▶ **Problem to solve**: What is needed is an exact reproduction of the lines from the one that contains "Motoros játék – Zöldség" through the end of the data, both included and nothing else, with pictures omitted.

▶ **Data extract**:

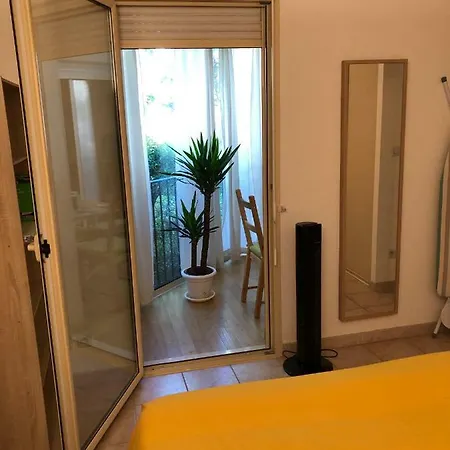 Studio Aux Jardins De L'uzege Uzès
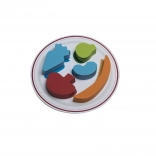 Motoros játék – Zöldség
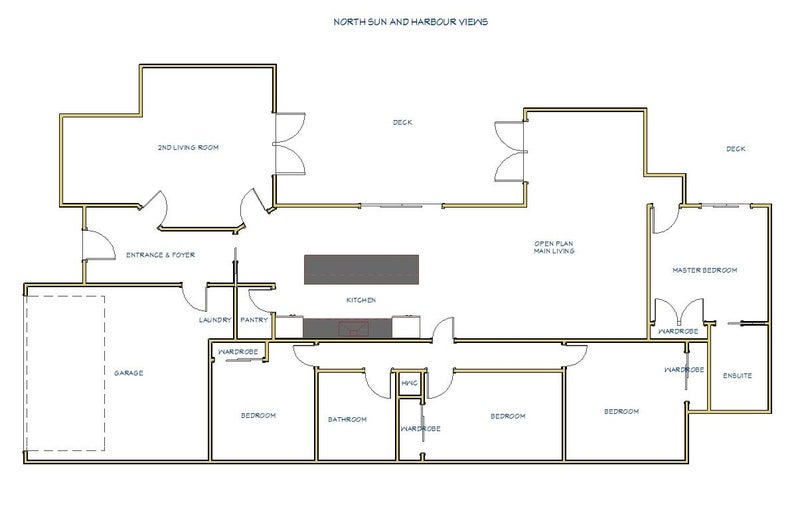 43 Connell Street, Waverley, Dunedin - Carousel 22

▶ **Task answer**:
 Motoros játék – Zöldség
 43 Connell Street, Waverley, Dunedin - Carousel 22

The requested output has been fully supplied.